##### COLLECTED DATA #####

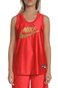NIKE-Γυναικεία αμάνικη μπλούζα NIKE JERSEY GLM κόκκινη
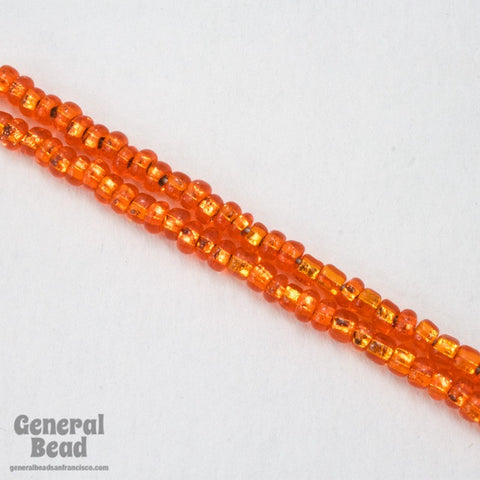 8/0 Silver Lined Orange Taiwanese Seed Bead-General Bead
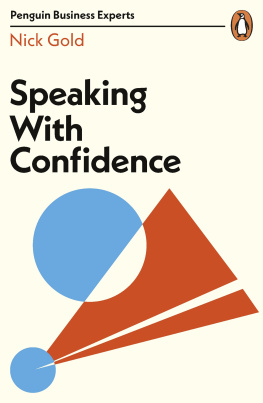 Nick Gold - Speaking with Confidence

#####

WHAT THIS TASK INVOLVES » Write the data above out again exactly, minus its pictures.

WORKED SOLUTION »
NIKE-Γυναικεία αμάνικη μπλούζα NIKE JERSEY GLM κόκκινη
 8/0 Silver Lined Orange Taiwanese Seed Bead-General Bead
 Nick Gold - Speaking with Confidence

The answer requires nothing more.